[Records contained in a dataset]
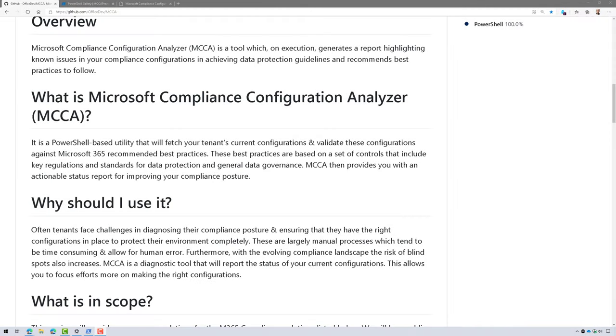Hi, everyone. I want to tell you about an awesome new tool, Microsoft Compliance Configuration Analyzer.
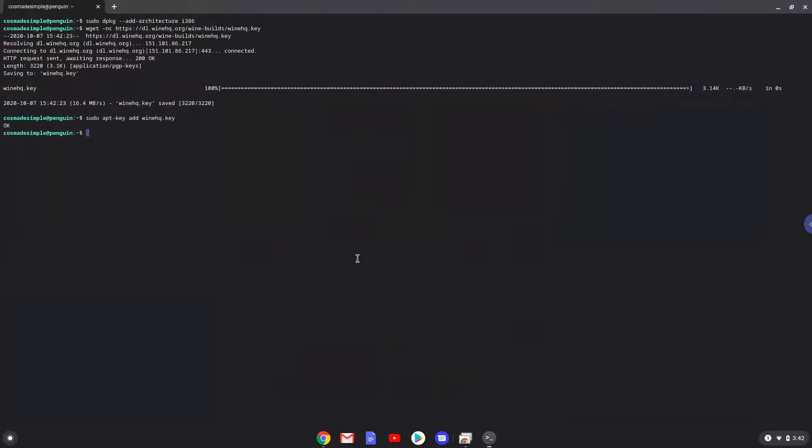Now we will be pasting the next two commands into our terminal. This will add the Wine repositories to our system.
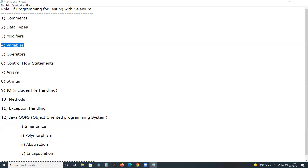Next, variables. We use variables in our Selenium test cases for storing and handling different types of data. Next, operators. We use programming operators in our Selenium test cases for performing arithmetic, comparison, and logical operations.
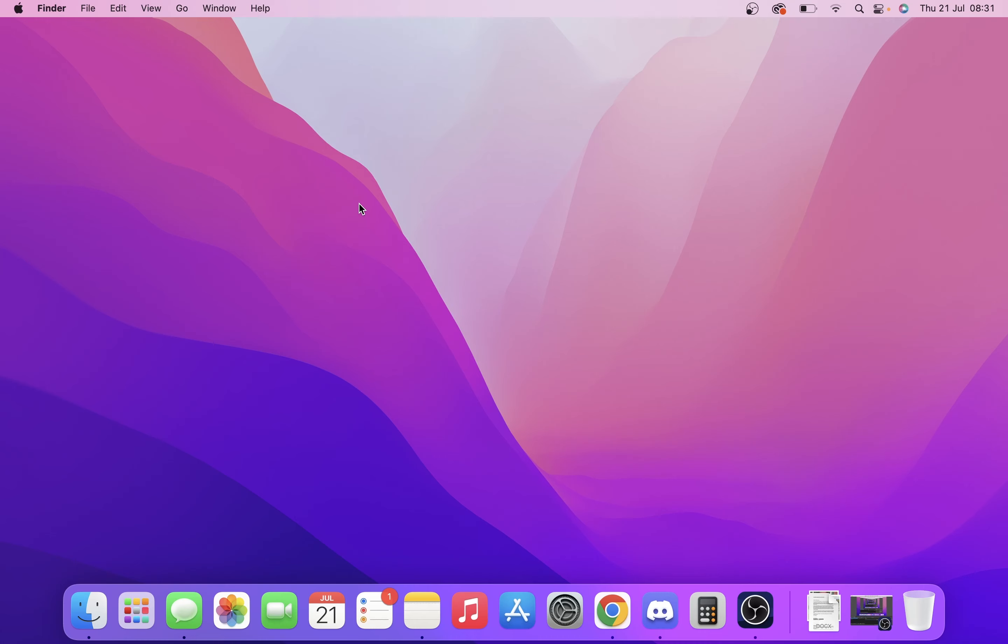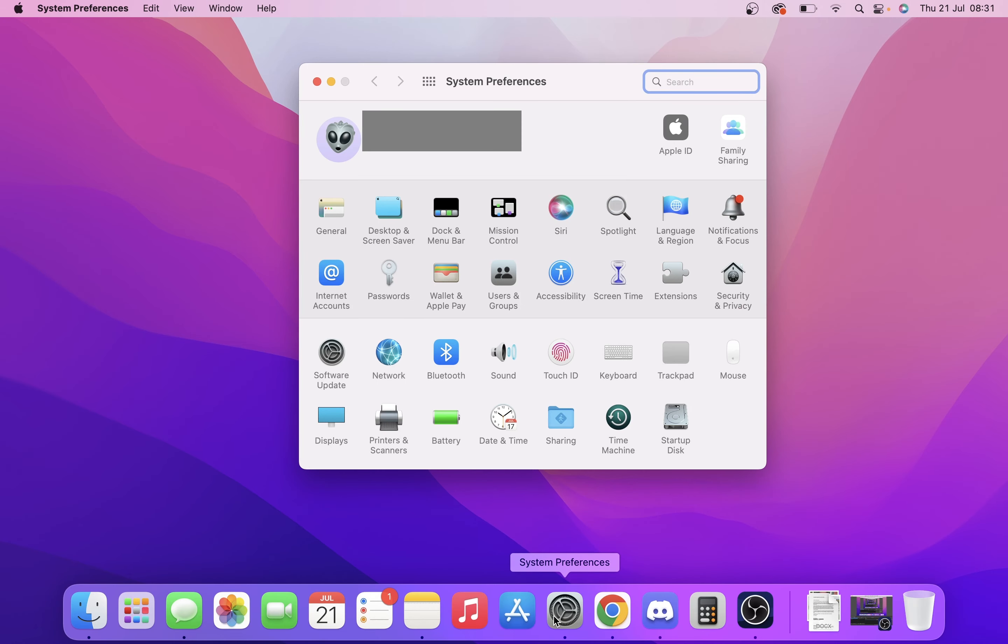Today I want to show you how you can turn your Mac into dark mode, really simple for all those dark mode fans out there. All you want to do is go into your system preferences like so.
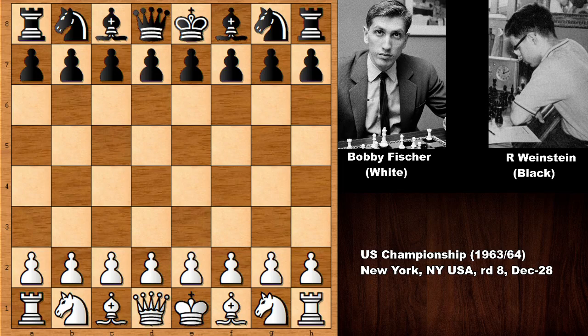Bobby Fischer has the white pieces and his opponent Weinstein has the black pieces. Bobby Fischer easily won the United States Chess Championship this year — very easily. He was by far the best chess player. So let's see what happened in this chess game.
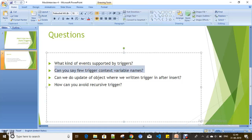What are the context variables in triggers? As a best practice, you always need to maintain a single trigger on an object, but you may have different logic for after insert, before insert, after delete, before delete, after update, and before update events. How can you differentiate your business logic for each event? You use trigger context variables — based on these, it can identify the context of your event.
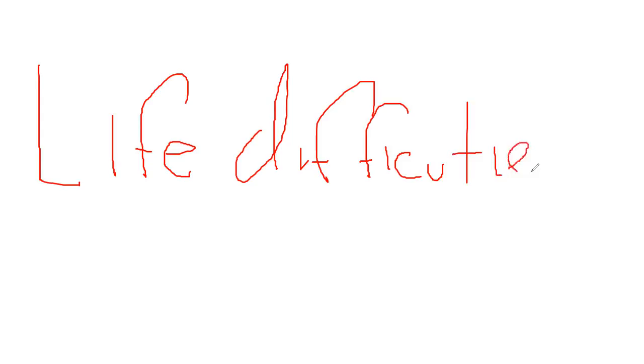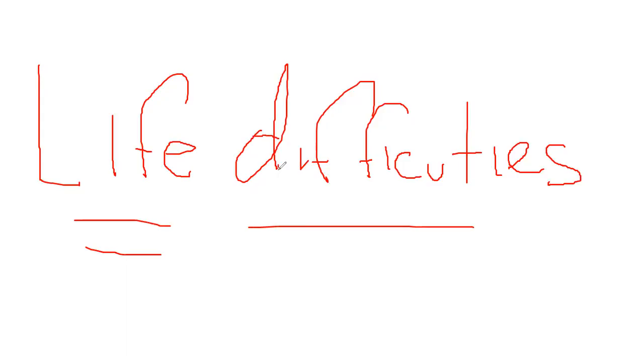Hi everyone, this is James Nussbaumer and I hope you can read what I'm writing, but I'm talking today about life difficulties. Why is life so difficult at times?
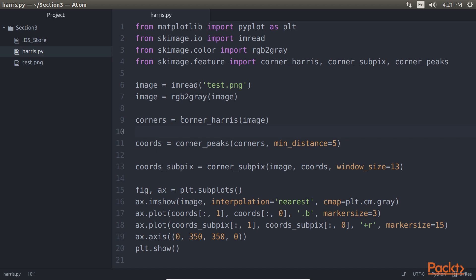First we will see CornerHarris. This is the primary function which, for each pixel in the image, calculates a measure of how probable it is that the pixel is a corner pixel.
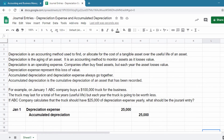The entries are: January 1, debit depreciation expense $25,000, and credit accumulated depreciation $25,000.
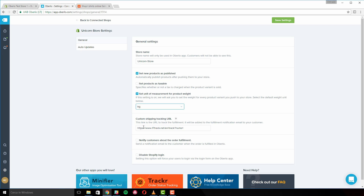Custom Shipping Tracking URL adds a tracking link to the shipping confirmation email sent to your customer. When you fulfill an order using the Oberlo Chrome extension, 'Notify Customer About the Order Fulfillment' automatically sends an identification email to your customer. If you complete an order manually however, the setting won't automatically trigger identification. You will need to manually check the option box from the pop-up menu.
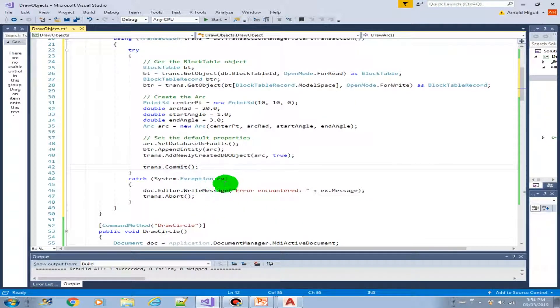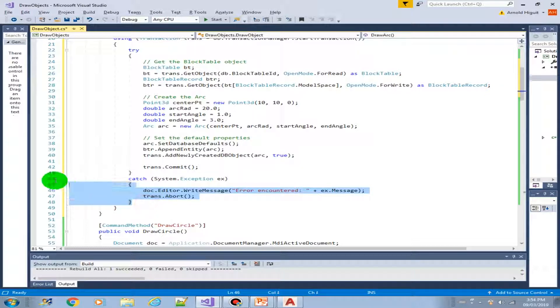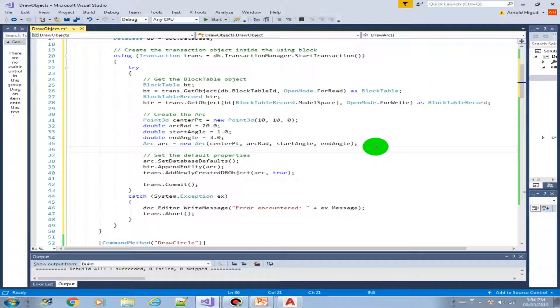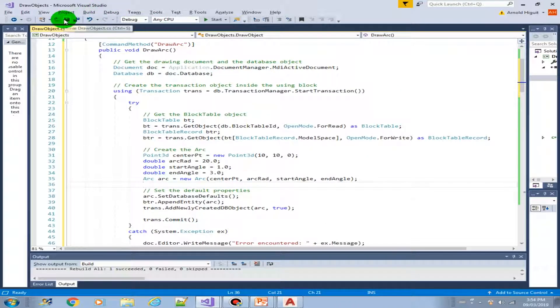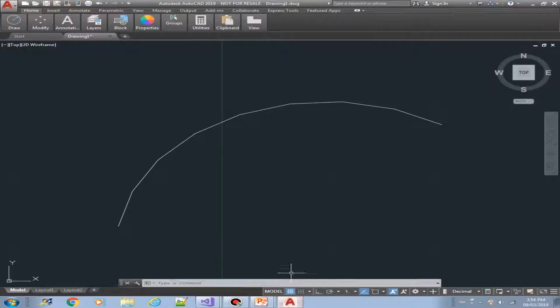And we have here the catch exception. So this should be all good. Let's save this project.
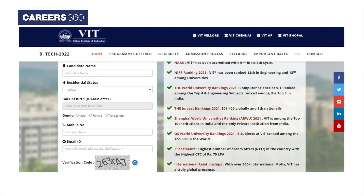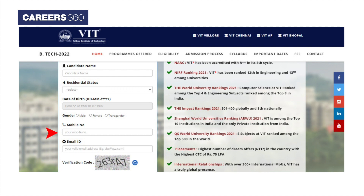Applicants have to complete the VITEEE registration 2022 using basic details such as candidate's name, residential status, date of birth, mobile number, email ID, and verification code.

** Exercise **
Please restate the lines above exactly, starting at the first line of the data and stopping at the line containing "Bobby Fischer has", which is included. Omit pictures.

** Answer space **
Hi, everyone. I want to tell you about an awesome new tool, Microsoft Compliance Configuration Analyzer.
Now we will be pasting the next two commands into our terminal. This will add the Wine repositories to our system.
Next, variables. We use variables in our Selenium test cases for storing and handling different types of data. Next, operators. We use programming operators in our Selenium test cases for performing arithmetic, comparison, and logical operations.
Today I want to show you how you can turn your Mac into dark mode, really simple for all those dark mode fans out there. All you want to do is go into your system preferences like so.
Bobby Fischer has the white pieces and his opponent Weinstein has the black pieces. Bobby Fischer easily won the United States Chess Championship this year — very easily. He was by far the best chess player. So let's see what happened in this chess game.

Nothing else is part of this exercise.